MATERIAL PROVIDED:
*** Block opens ***

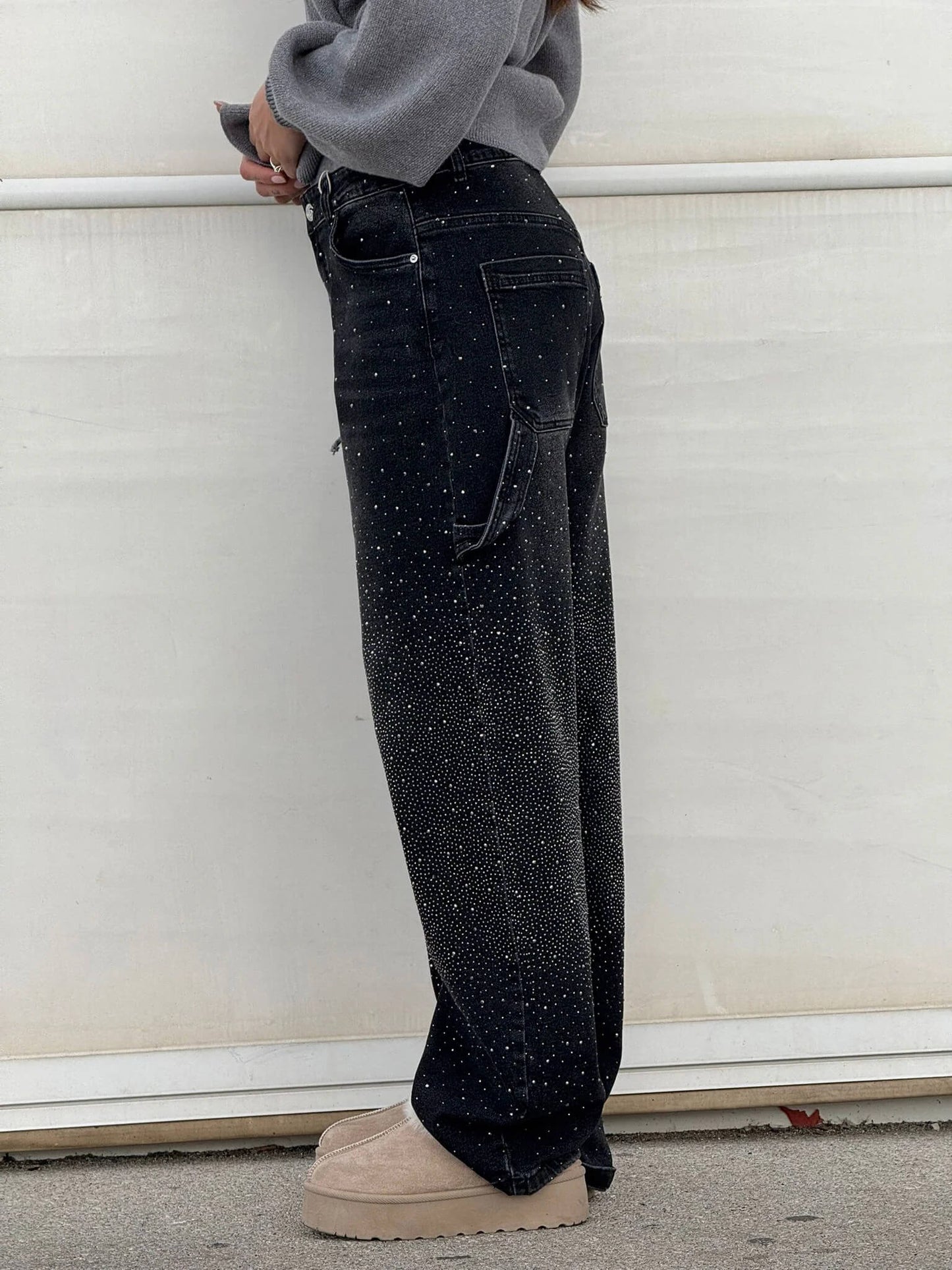 May | Pantalon Mode – Coupe Relax Et Finitions Brillantes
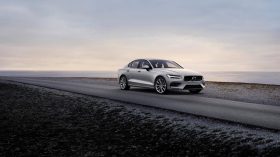 New Volvo S60 Momentum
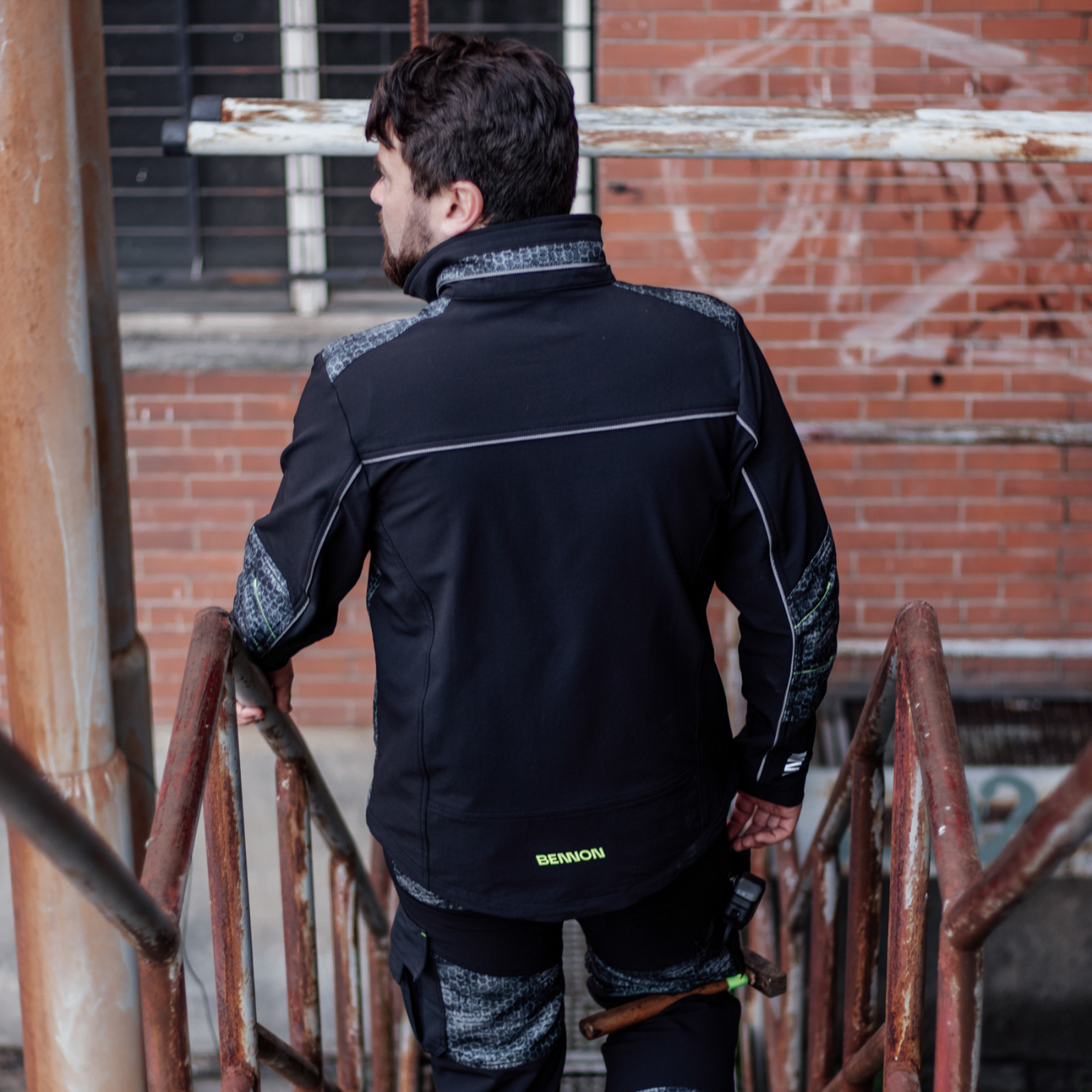 206702_0729180062_Predator_Jacket_blackgreymood3.png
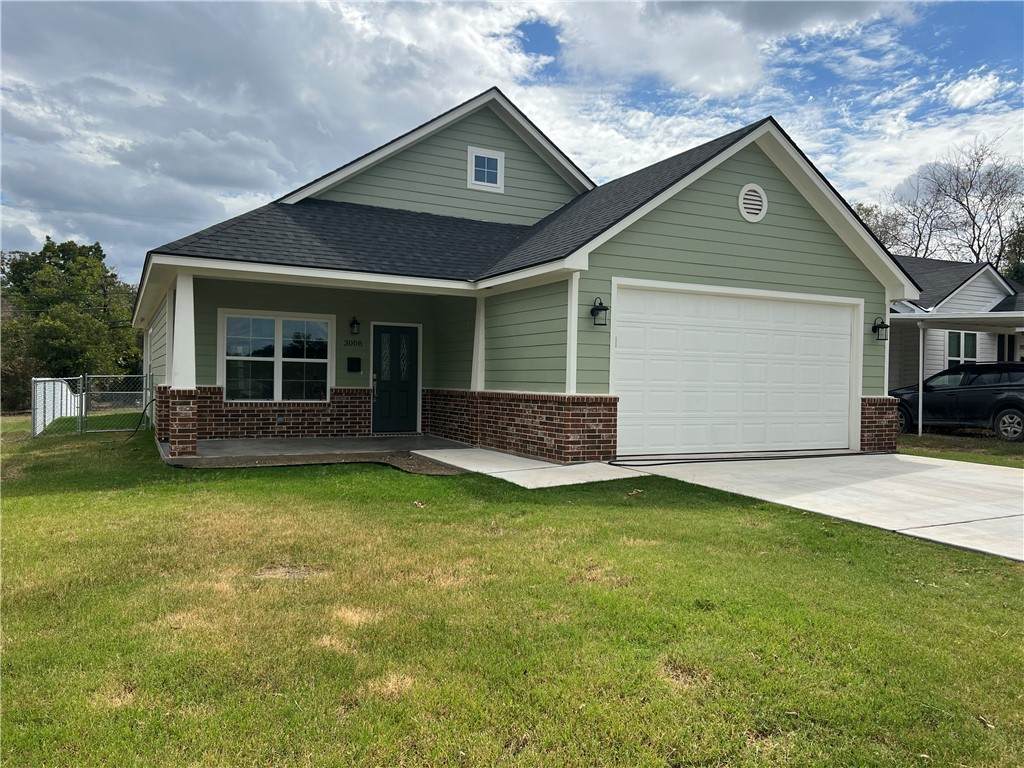 3008 Pine Avenue - Photo 1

*** Block closes ***

Your copy should hold exactly the lines from the line bearing "New Volvo S60 Momentum" through the end of the data, both included, and no pictures or anything further.

 New Volvo S60 Momentum
 206702_0729180062_Predator_Jacket_blackgreymood3.png
 3008 Pine Avenue - Photo 1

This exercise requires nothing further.